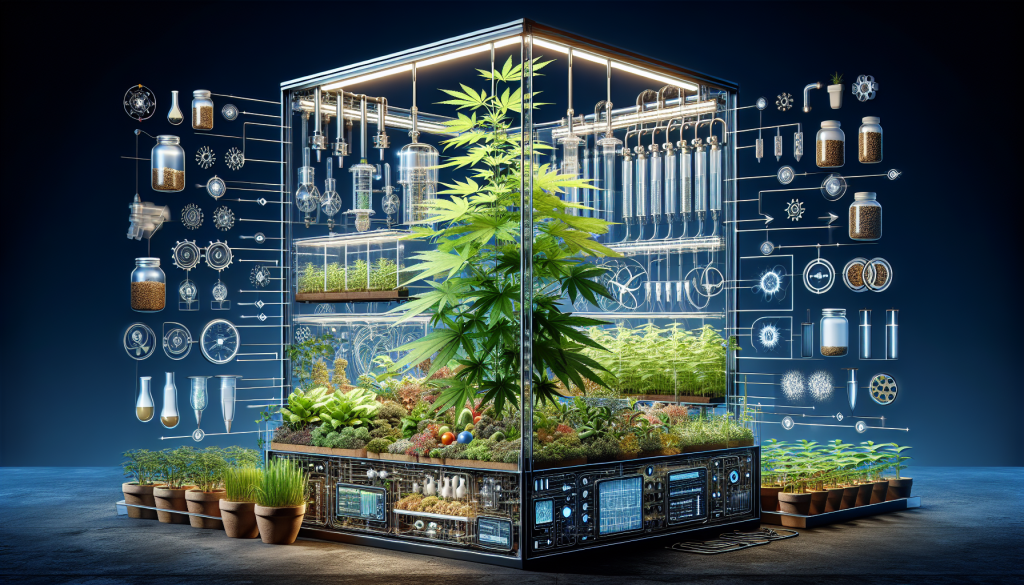 How Can I Make My Hydroponics Grow Faster?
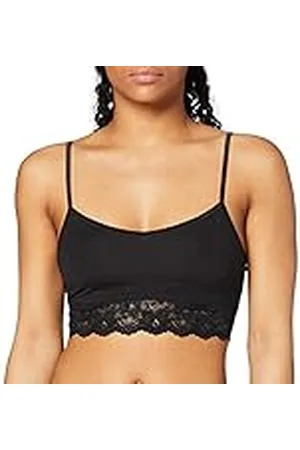 Sloggi Romance Bralette Bustier voor dames, , 46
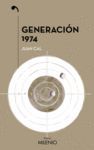 GENERACIÓN 1974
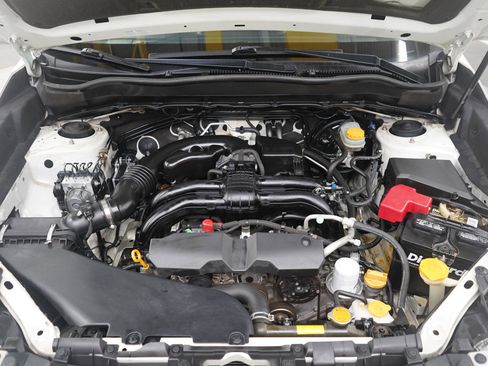 Used 2015 Subaru Forester 2.5i Limited w/ Popular Package #2 image 31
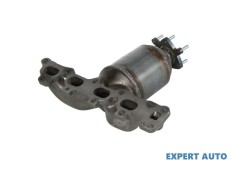 Catalizator Opel Astra G (1999-2009)[T98,F70] #1
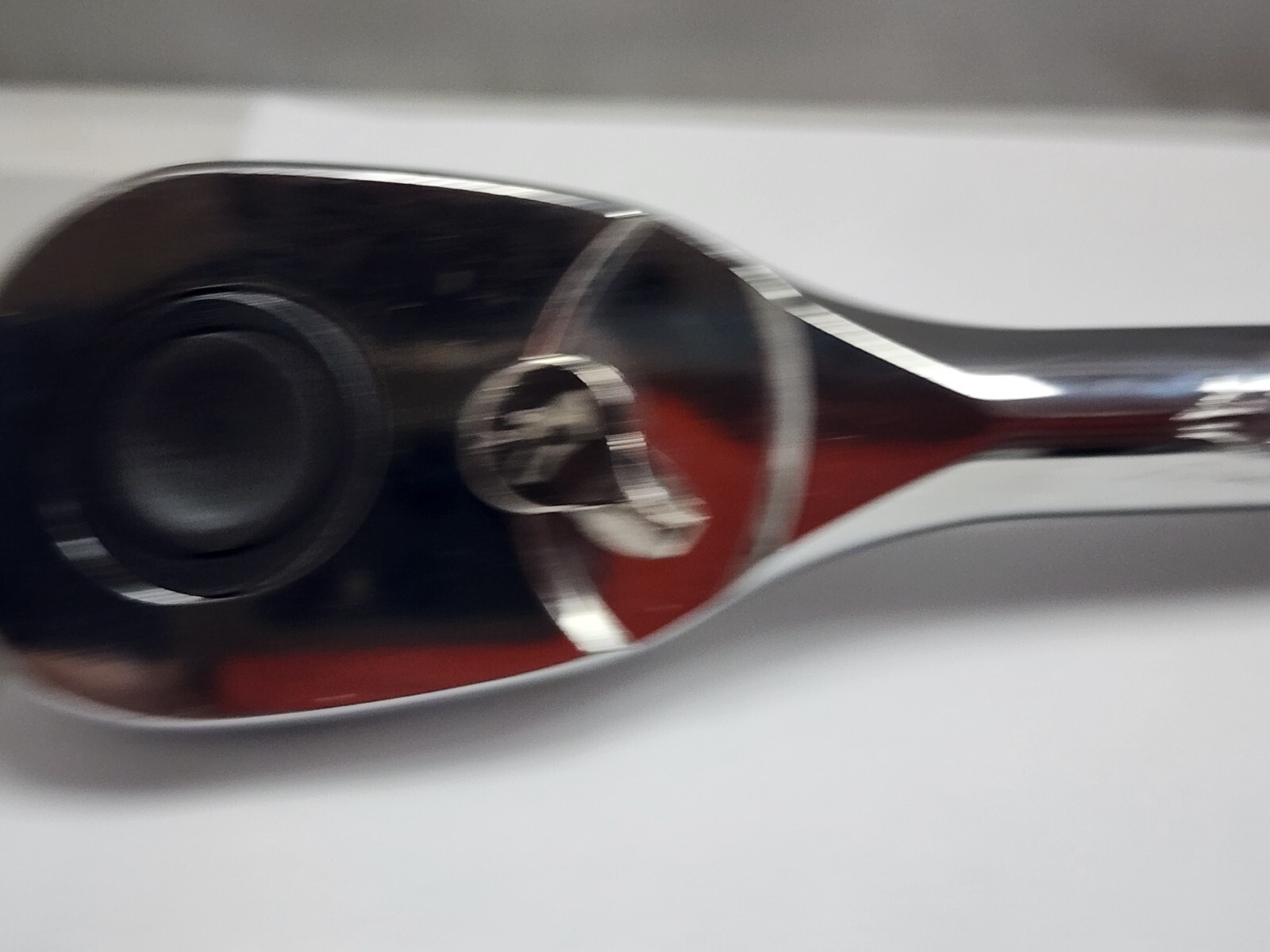 Husky 1/2″ Ratchet Wrench 11″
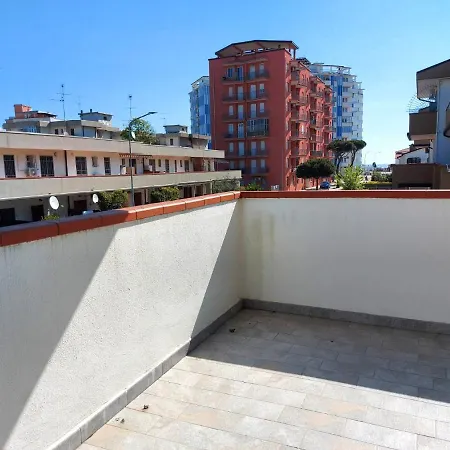 Roma 5 * Lido di Pomposa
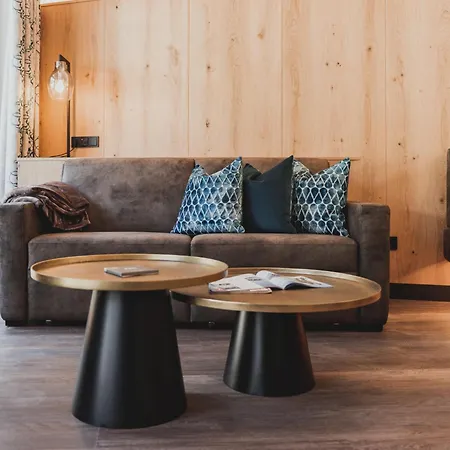 3 Raum Typ Hochkoenig By Interhome * דינטן אם הוכקוניג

» **EXERCISE DIRECTIONS**: Everything from the line holding "Roma 5 * Lido di Pomposa" through the last line of the listing should be written out exactly, except for the pictures.

» **EXERCISE RESPONSE**:
 Roma 5 * Lido di Pomposa
 3 Raum Typ Hochkoenig By Interhome * דינטן אם הוכקוניג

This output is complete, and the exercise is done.